Marion Debruyne became Dean of Vlerick Business School in 2015, after a decade on its faculty. Before that she was a Visiting Scholar at the Wharton School (University of Pennsylvania) and the Kellogg Graduate School of Management and an Assistant Professor at the Goizueta Business School (Emory University). An engineer and a marketeer by training, Marion loves bridging the academic world and the world of business practice.

Women now make up roughly 30% of business school deans globally, up from about 26% just a few years ago. From your perspective, what has driven that increase and what still limits faster progress? My hypothesis would be that it is a natural evolution of Gen X women, who grew up being empowered in the belief that they could have it all, entering leadership roles. Additionally, search committees have paid more attention to considering a diverse set of candidates and put efforts behind finding them.

Despite this growth, women often reach the deanship through longer or less linear pathways. What barriers to advancement do you still see for women aiming for top leadership roles in business schools? I reached the deanship at 42, so I do not represent a datapoint that illustrates this longer or less linear pathway. I believe the barriers to advancing to top leadership in business schools are not unlike the well-documented barriers in the corporate world. They include perception biases about what good leadership looks like, societal expectations around motherhood and femininity and stubborn mental and structural models around what the ideal career path looks like.

Vlerick Business School’s Ghent campus

Once women reach the deanship, what challenges tend to persist?
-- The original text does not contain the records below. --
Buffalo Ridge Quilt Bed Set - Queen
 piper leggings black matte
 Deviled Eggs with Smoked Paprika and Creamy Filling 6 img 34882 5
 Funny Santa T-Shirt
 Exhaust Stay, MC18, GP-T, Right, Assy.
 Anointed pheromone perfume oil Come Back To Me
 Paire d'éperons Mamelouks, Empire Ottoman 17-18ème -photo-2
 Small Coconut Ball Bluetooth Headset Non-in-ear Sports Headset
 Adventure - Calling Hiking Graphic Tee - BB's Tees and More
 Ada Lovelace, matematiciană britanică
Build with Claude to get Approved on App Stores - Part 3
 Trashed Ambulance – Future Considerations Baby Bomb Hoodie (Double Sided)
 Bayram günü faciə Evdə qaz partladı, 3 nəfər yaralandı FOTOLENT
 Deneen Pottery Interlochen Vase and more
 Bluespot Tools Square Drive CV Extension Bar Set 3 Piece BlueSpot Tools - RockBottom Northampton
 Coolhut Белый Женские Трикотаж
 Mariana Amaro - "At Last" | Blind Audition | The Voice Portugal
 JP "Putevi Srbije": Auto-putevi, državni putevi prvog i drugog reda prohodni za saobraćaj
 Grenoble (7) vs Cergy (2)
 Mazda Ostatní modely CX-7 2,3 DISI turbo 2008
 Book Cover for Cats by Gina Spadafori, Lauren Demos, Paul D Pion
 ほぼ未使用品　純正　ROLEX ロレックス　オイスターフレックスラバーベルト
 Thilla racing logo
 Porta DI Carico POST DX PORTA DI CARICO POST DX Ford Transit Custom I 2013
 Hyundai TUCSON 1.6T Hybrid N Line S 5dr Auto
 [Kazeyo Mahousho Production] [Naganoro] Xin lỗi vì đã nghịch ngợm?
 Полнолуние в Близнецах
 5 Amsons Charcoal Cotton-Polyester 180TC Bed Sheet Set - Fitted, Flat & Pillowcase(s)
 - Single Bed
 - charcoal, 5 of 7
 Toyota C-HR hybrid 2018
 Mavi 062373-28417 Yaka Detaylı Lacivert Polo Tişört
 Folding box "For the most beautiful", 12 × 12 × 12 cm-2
I have personally not experienced many challenges specific to being a female. I must confess that I confirm the finding that women seldom raise their hand unless prompted to do so. I was not a Dean candidate until multiple colleagues and board members encouraged me. It was their explicit support that influenced me to believe that maybe I was ready for that kind of responsibility. Similarly, I see female talents playing a crucial role behind the scenes in many business schools. They are, in fact, ready to step up into the spotlight but may need some encouragement to do so.

How do you assess whether progress on gender parity in leadership is substantive rather than symbolic? The most wonderful sign of progress would be for this no longer to be a topic of conversation, and female leadership would be as normalised and prevalent as male leadership. That, in my opinion, would really be a substantive change.

How does greater representation of women in business school leadership matter for students? This is where symbolism matters. Standard images of what leadership, quite literally, looks like persist. This includes academic leadership. When students are fed a steady diet of similar profiles in leadership positions or in front of the classroom, it only perpetuates the stereotypes. Broadening those images to include a wide range of faces can bust the stereotype. Also, it is much easier for female students to believe they, too, can reach a leadership position without having to be superwoman when they already see examples of that while studying.

Describe the programs, initiatives, or institutional practices your school has put in place to advance gender parity: Inclusion is part of our core identity. Yet it may not happen automatically. That’s why we put effort into tracking a broad set of metrics that show whether we are successful in making all talent flourish and take corrective measures where needed. For example, we thoroughly revised our admissions processes to remove potential sources of bias. We also promote diverse cohorts through targeted scholarship programmes.